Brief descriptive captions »

• • • •

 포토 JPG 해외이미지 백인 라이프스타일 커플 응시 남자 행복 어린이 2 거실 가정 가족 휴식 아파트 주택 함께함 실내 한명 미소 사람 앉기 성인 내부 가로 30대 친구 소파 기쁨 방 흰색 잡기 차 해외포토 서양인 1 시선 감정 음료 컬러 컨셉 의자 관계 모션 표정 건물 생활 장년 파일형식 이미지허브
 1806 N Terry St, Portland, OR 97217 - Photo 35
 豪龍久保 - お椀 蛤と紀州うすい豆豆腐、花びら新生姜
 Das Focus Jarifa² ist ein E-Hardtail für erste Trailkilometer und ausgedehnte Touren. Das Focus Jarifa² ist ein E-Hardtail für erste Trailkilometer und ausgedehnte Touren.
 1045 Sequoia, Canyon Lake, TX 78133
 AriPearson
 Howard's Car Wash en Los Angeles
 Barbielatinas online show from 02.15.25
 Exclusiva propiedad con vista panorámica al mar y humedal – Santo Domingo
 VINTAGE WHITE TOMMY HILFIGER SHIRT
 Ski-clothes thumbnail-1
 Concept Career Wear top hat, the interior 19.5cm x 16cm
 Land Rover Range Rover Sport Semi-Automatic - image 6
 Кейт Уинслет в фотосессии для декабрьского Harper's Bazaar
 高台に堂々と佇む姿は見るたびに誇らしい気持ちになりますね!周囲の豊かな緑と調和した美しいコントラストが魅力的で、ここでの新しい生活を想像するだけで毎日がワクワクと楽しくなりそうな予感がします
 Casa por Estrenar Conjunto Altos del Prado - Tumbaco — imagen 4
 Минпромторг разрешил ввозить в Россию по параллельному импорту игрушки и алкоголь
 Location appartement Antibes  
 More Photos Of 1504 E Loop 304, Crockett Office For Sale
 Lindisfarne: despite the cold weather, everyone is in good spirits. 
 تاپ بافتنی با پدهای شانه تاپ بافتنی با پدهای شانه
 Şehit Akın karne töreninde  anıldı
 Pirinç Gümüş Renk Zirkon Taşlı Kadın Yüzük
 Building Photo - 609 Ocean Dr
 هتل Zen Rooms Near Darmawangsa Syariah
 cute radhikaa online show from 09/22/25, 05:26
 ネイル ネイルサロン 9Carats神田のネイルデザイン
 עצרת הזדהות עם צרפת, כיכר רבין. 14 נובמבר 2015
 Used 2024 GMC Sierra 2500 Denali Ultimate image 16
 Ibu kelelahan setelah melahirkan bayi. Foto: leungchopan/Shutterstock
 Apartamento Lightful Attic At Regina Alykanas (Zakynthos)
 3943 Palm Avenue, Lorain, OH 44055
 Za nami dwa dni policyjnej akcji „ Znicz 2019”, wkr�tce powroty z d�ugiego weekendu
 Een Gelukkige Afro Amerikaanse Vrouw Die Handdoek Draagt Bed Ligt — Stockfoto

• • • •

About this exercise » Tally how many lines of the records hold the word "online". Answer with the number only.

Answer space » 2